Lines from the one with "Twink spor salonundan" up to and including the one with "7 Ruffey Lake" are to be copied exactly from the records below, without their pictures.

*** Opening Record set ***

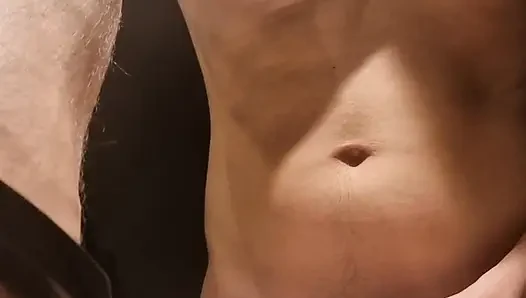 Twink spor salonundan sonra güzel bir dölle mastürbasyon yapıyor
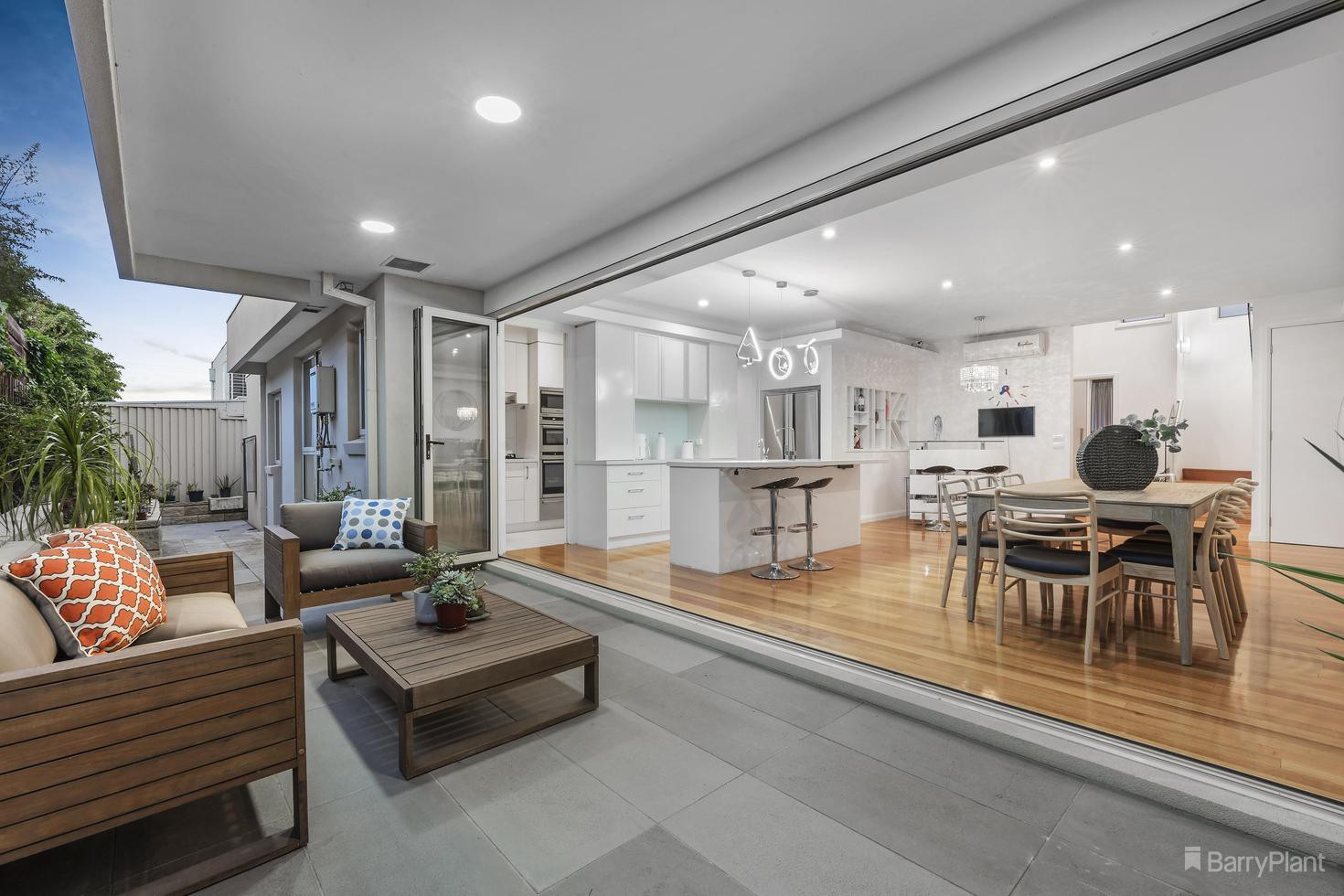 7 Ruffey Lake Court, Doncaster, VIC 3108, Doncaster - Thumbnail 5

*** Closing Record set ***
*** Opening Record set ***

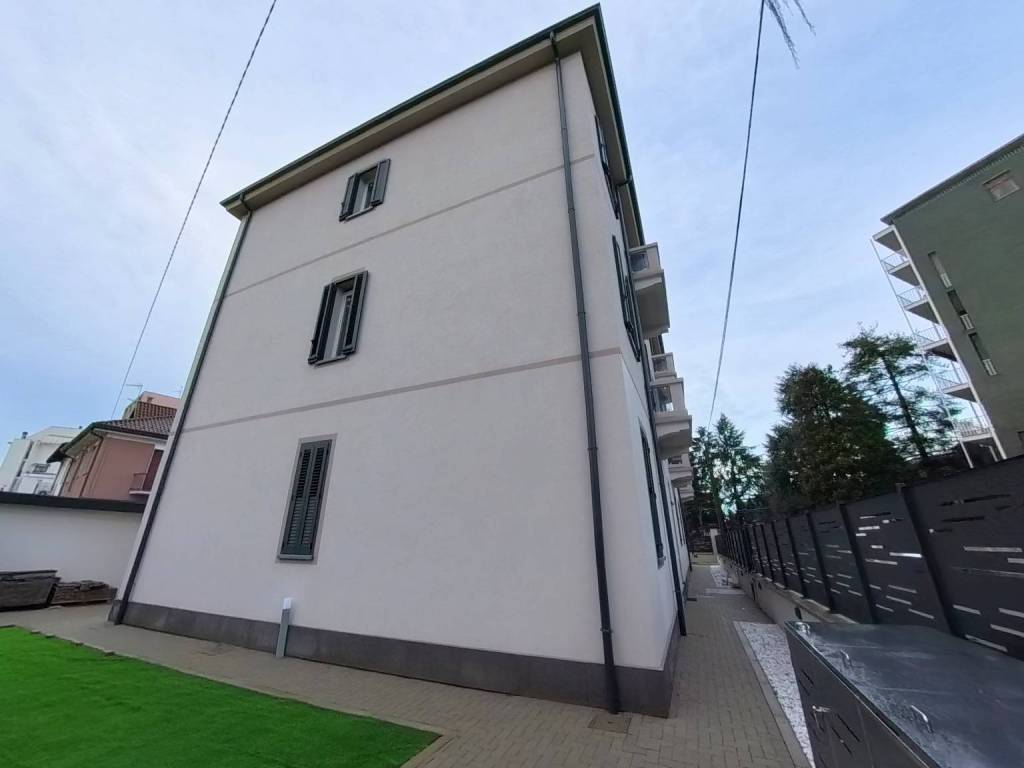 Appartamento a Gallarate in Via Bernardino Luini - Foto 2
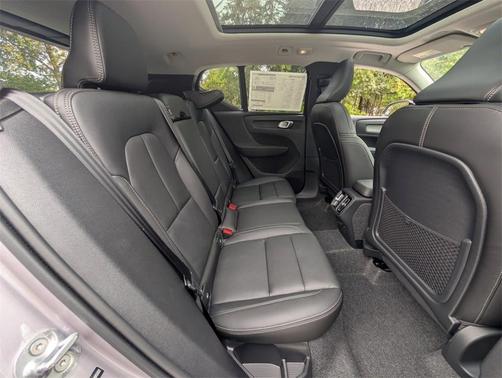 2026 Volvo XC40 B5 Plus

*** Closing Record set ***
*** Opening Record set ***

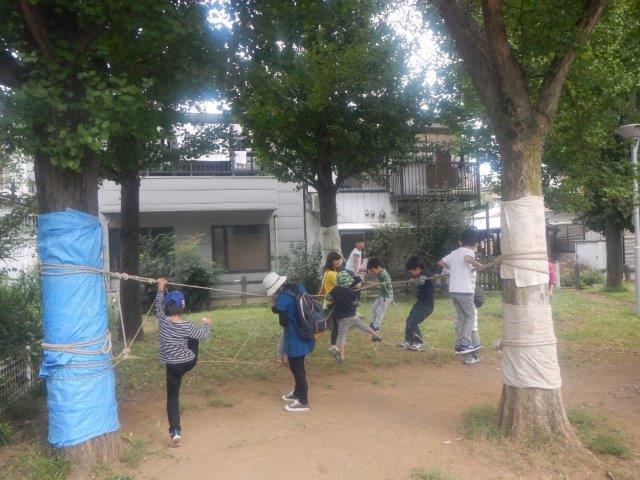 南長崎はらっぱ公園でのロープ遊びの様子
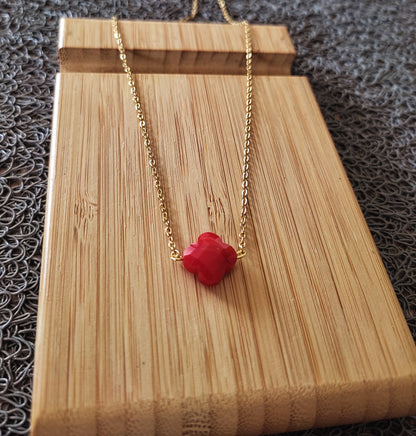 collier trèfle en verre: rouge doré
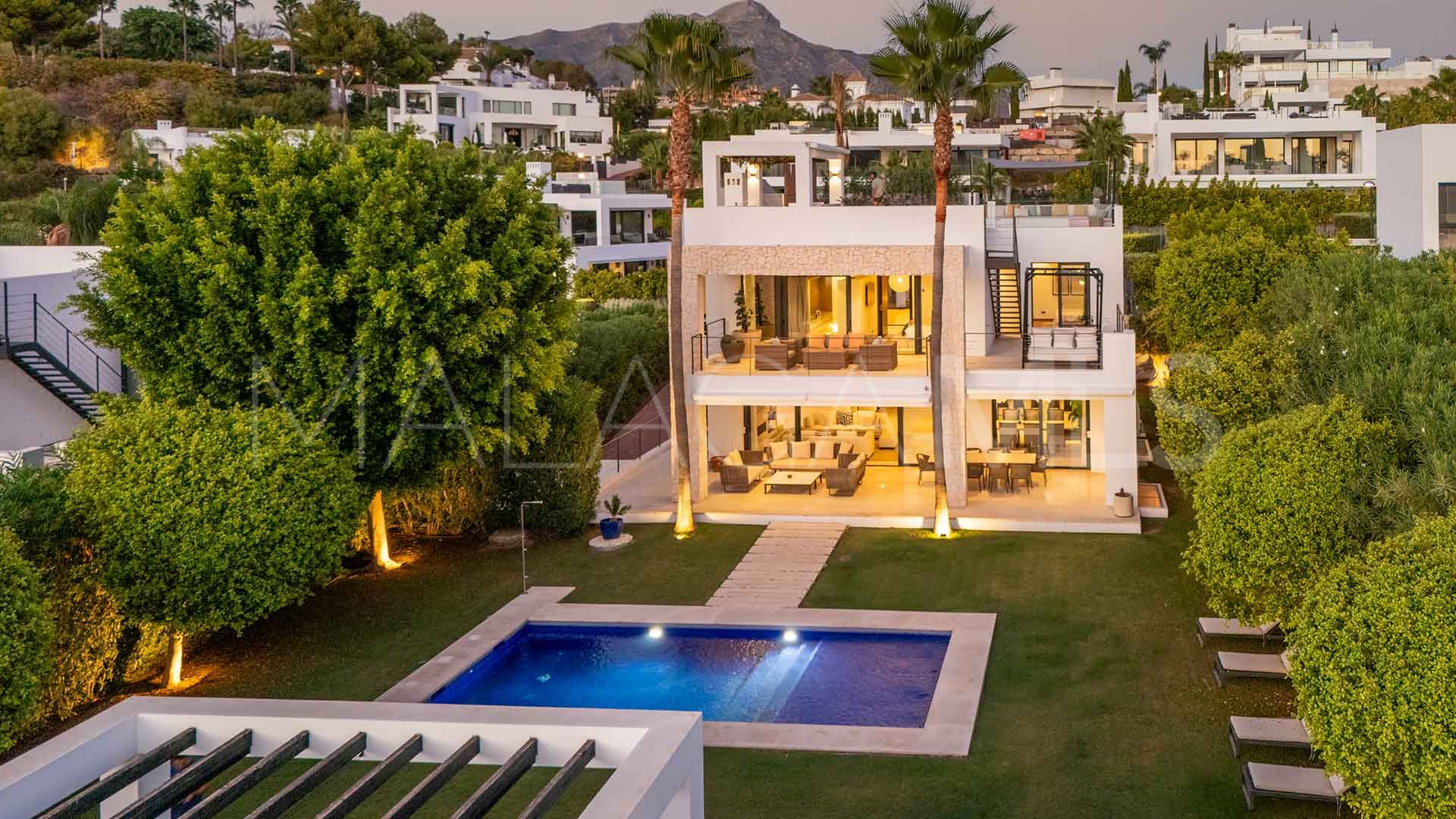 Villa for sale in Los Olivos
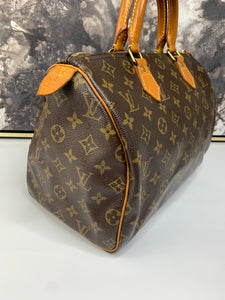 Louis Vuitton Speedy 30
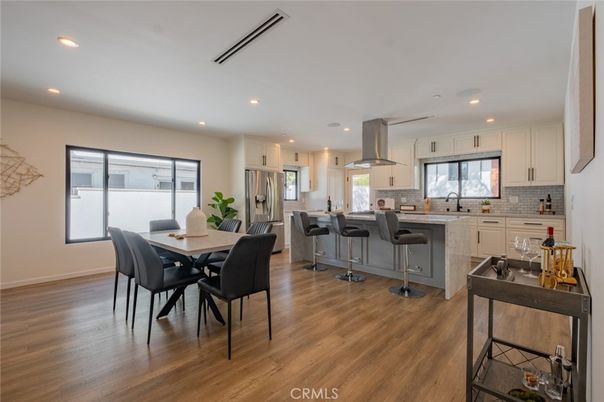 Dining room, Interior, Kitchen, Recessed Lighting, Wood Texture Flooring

*** Closing Record set ***

Exercise answer>
 Twink spor salonundan sonra güzel bir dölle mastürbasyon yapıyor
 7 Ruffey Lake Court, Doncaster, VIC 3108, Doncaster - Thumbnail 5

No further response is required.